SUPPLIED ENTRIES -

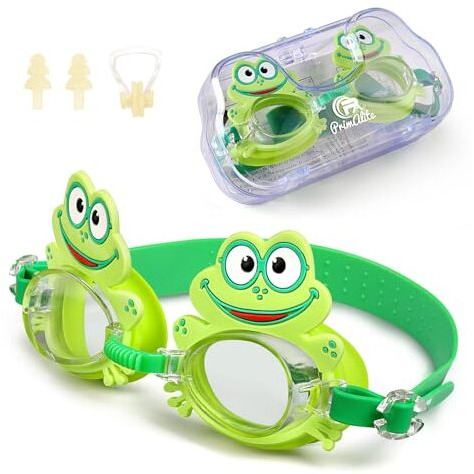 Primalite Happy Frog Swimming Goggles For Kids- Aged 3-12 Years Old- Free Nose Clip, Ear Plug Set & Protection Case For Girls Boys-100% Anti-Fog | Uv Protection | No Leak Adjustable Strap Comfort Fit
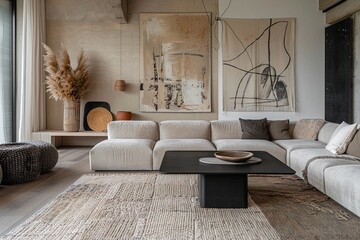 Minimalist Interior It's a calm living room interior design with a living room, sofa and coffee table, and art frames hanging on the wall. Generative AI
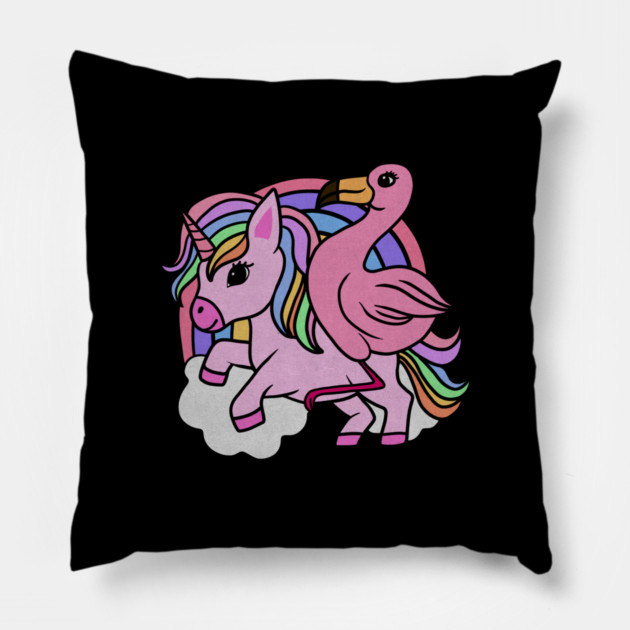 Flamingo Unicorn, Rainbow horse Pillow by logiamerch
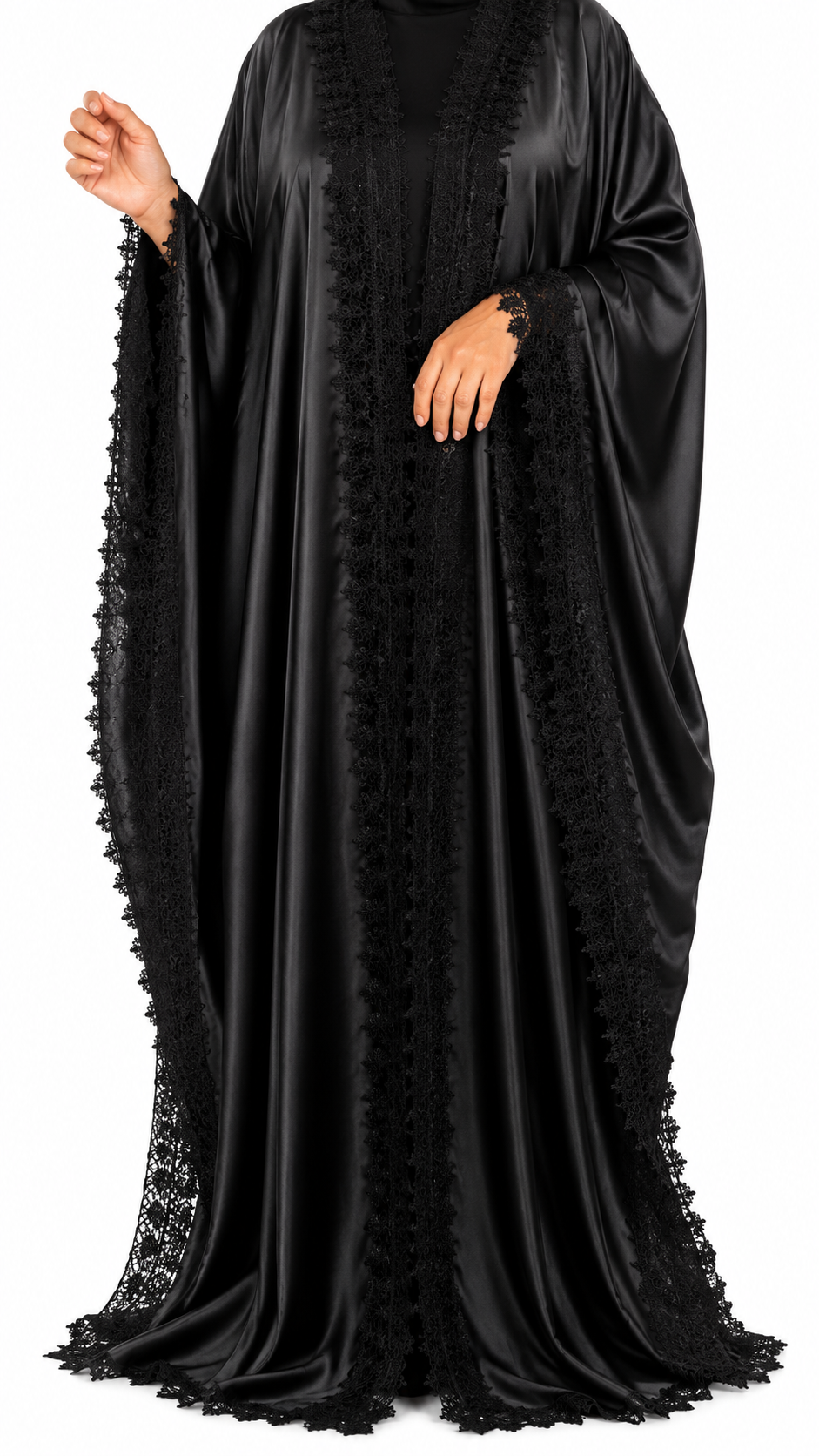 ✨Elegant Black Silk Lace Abaya Set✨
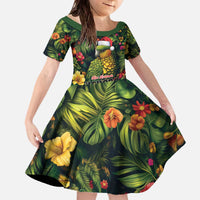 Meri Kirihimete Kakapo Family Matching Off The Shoulder Long Sleeve Dress and Hawaiian Shirt New Zealand Christmas with Tropical Vibe LT9 Daughter's Dress Green - Polynesian Pride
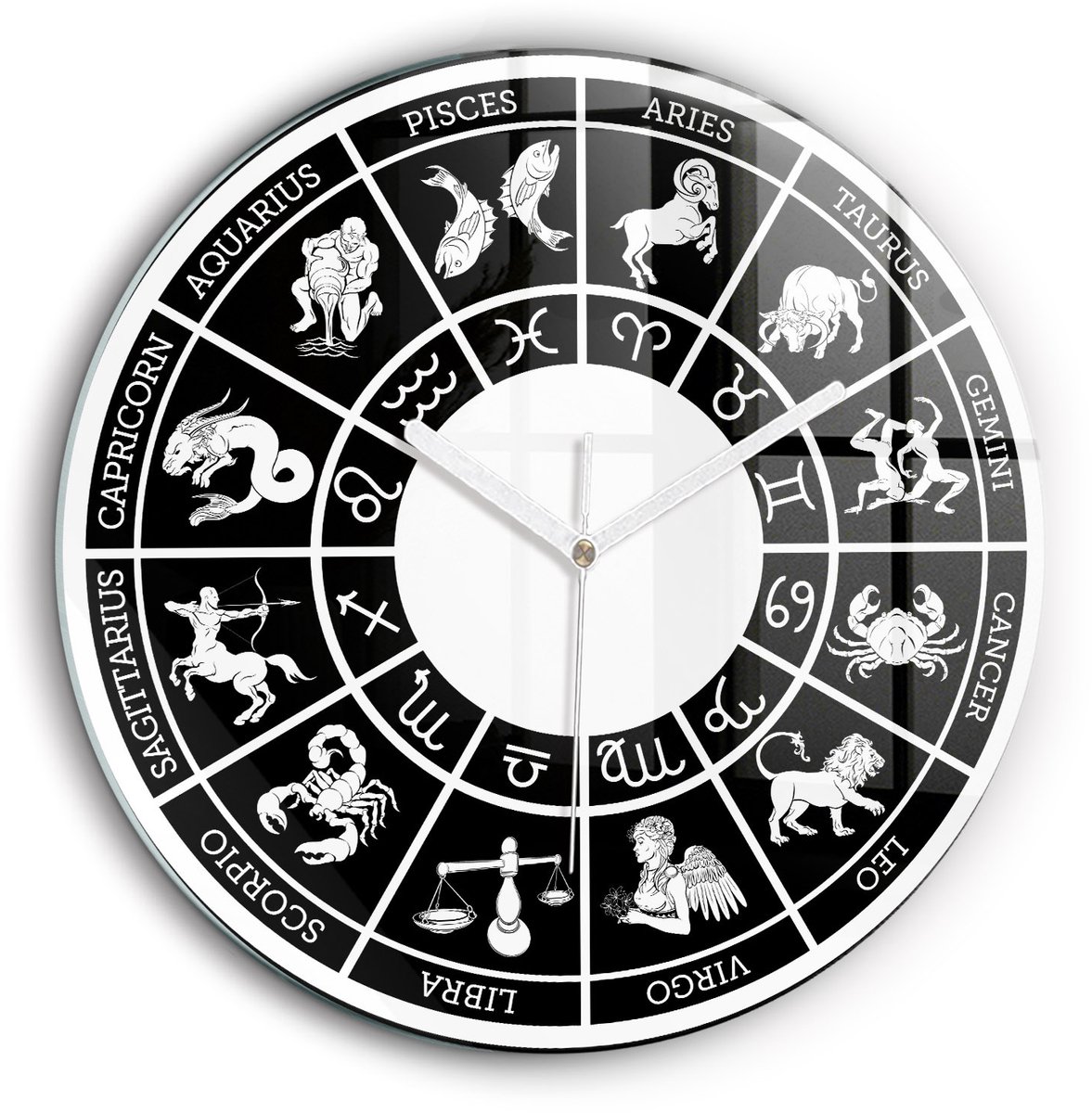 Wallfluent Wandklok - Zodiacaal Stijlvolle Klok - 60 cm x 60 cm - Zwart Wandklok - Witte Handen - Klok zonder getallen - Kinder Wandklok Glas - Unieke Wandklok - Minimalistische Klok - Klok met Afbeelding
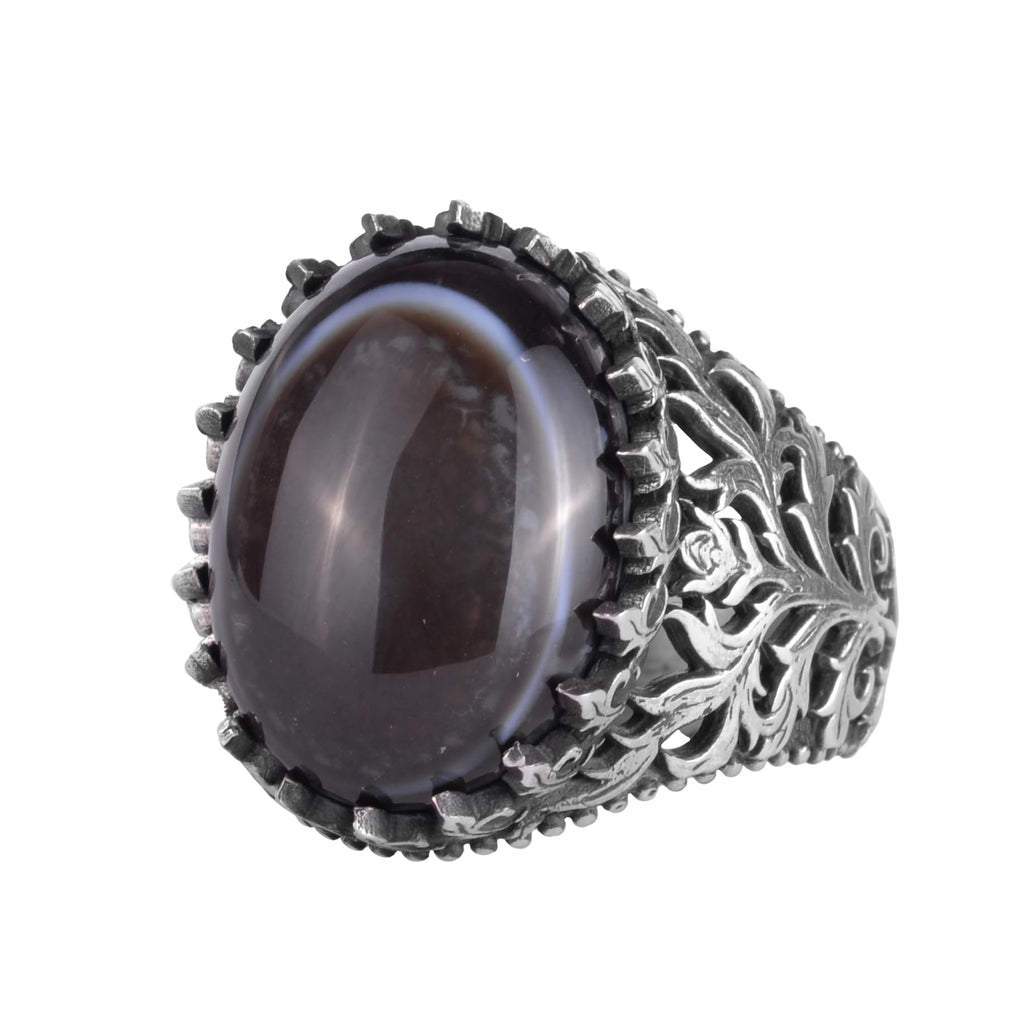 KAMBO Natural Yemen Agate Stone Ring – 925 Sterling Silver Decorative Men's Ring – Handmade Vintage Statement Ring (Yemen Agate-4)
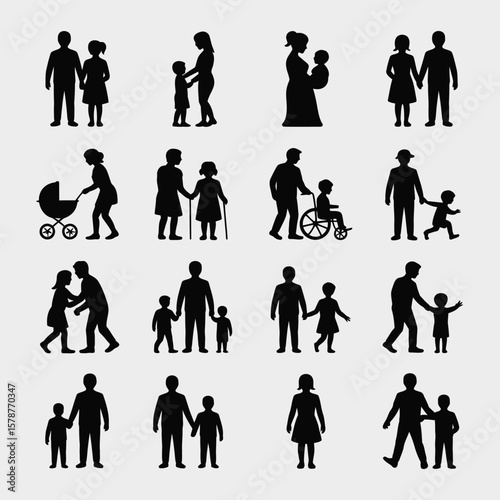 Sixteen Black Silhouettes Depicting Diverse Family Groups Including Parents Children Infants Toddlers and a Person in a Wheelchair Various Family Structures and Dynamics are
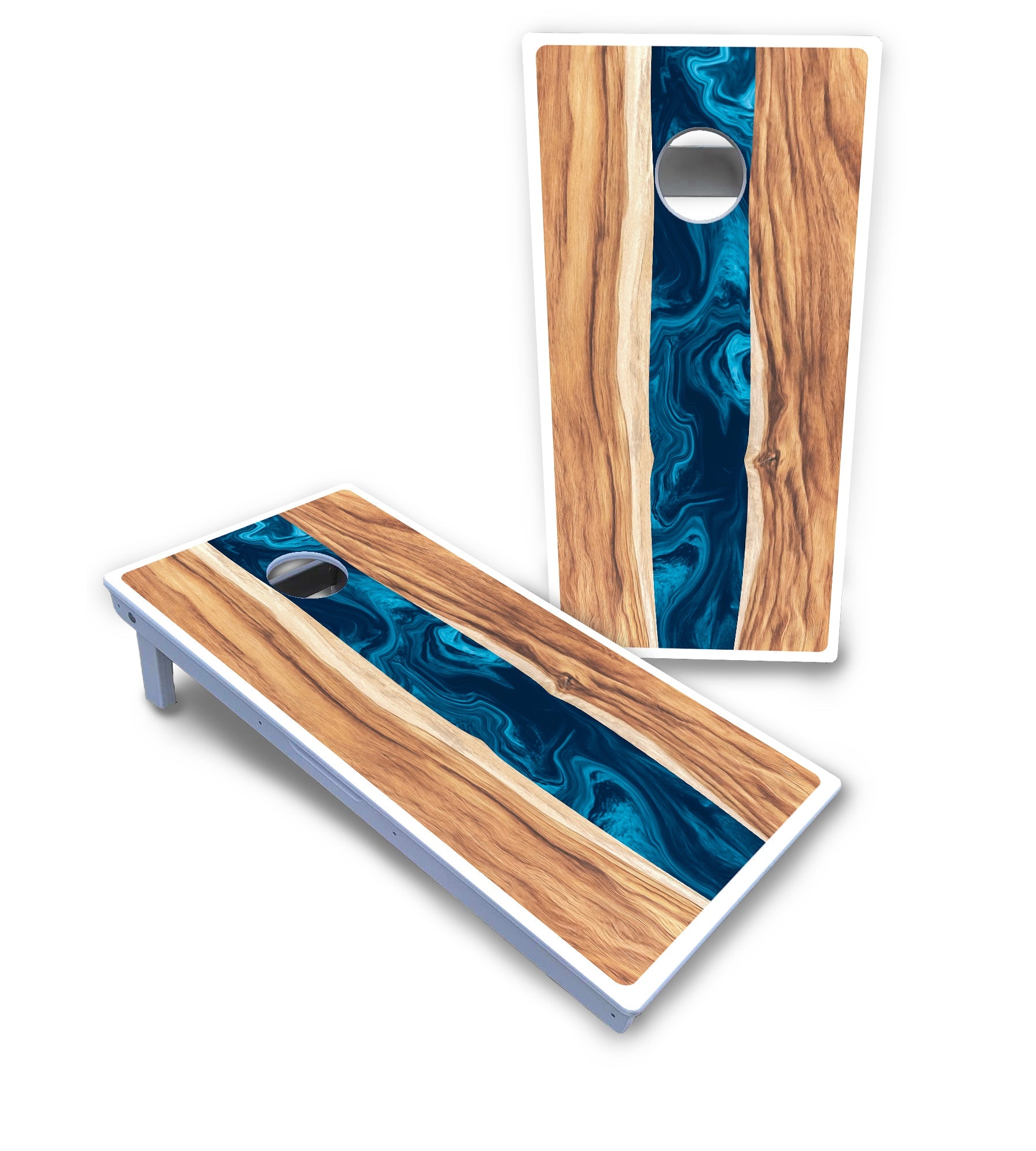 Live Edge River Cornhole Boards - All Weather Series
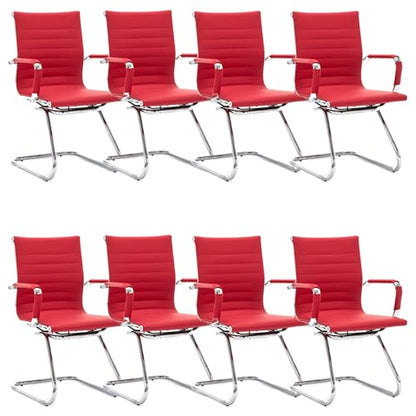 Office Desk Chair Set of 8,No Wheels PU Leather Computer Chairs Mid Back Guest Chairs with Seld Base for School/Reception/Conference/Waiting Room,Burgundy Red - color: Deep Red, size: 8PCS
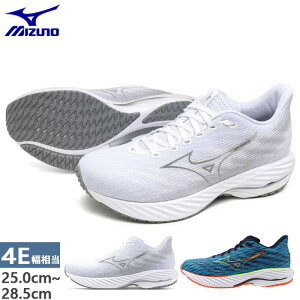 4E幅相当 ミズノ メンズ ウエーブライダー28 スーパーワイド WAVE RIDER 28 SW ランニングシューズ ジョギング マラソン ホワイト 白 ブルー 青 送料無料 Mizuno J1GC2404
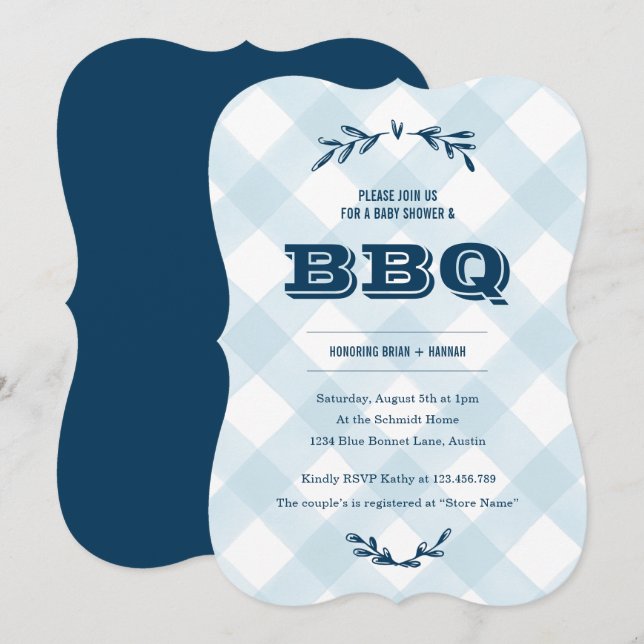 Invitación Country Gingham Baby Shower (Anverso / Reverso)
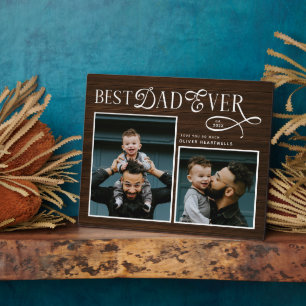 Bester Vater überhaupt 2 Fotos Vatertag Rustikales Fotoplatte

PROBLEM TO SOLVE - Verbatim repetition of the entries is required, excluding any pictures.

OUTPUT OF THE EXERCISE -
 Primalite Happy Frog Swimming Goggles For Kids- Aged 3-12 Years Old- Free Nose Clip, Ear Plug Set & Protection Case For Girls Boys-100% Anti-Fog | Uv Protection | No Leak Adjustable Strap Comfort Fit
 Minimalist Interior It's a calm living room interior design with a living room, sofa and coffee table, and art frames hanging on the wall. Generative AI
 Flamingo Unicorn, Rainbow horse Pillow by logiamerch
 ✨Elegant Black Silk Lace Abaya Set✨
 Meri Kirihimete Kakapo Family Matching Off The Shoulder Long Sleeve Dress and Hawaiian Shirt New Zealand Christmas with Tropical Vibe LT9 Daughter's Dress Green - Polynesian Pride
 Wallfluent Wandklok - Zodiacaal Stijlvolle Klok - 60 cm x 60 cm - Zwart Wandklok - Witte Handen - Klok zonder getallen - Kinder Wandklok Glas - Unieke Wandklok - Minimalistische Klok - Klok met Afbeelding
 KAMBO Natural Yemen Agate Stone Ring – 925 Sterling Silver Decorative Men's Ring – Handmade Vintage Statement Ring (Yemen Agate-4)
 Sixteen Black Silhouettes Depicting Diverse Family Groups Including Parents Children Infants Toddlers and a Person in a Wheelchair Various Family Structures and Dynamics are
 Live Edge River Cornhole Boards - All Weather Series
 Office Desk Chair Set of 8,No Wheels PU Leather Computer Chairs Mid Back Guest Chairs with Seld Base for School/Reception/Conference/Waiting Room,Burgundy Red - color: Deep Red, size: 8PCS
 4E幅相当 ミズノ メンズ ウエーブライダー28 スーパーワイド WAVE RIDER 28 SW ランニングシューズ ジョギング マラソン ホワイト 白 ブルー 青 送料無料 Mizuno J1GC2404
 Invitación Country Gingham Baby Shower (Anverso / Reverso)
 Bester Vater überhaupt 2 Fotos Vatertag Rustikales Fotoplatte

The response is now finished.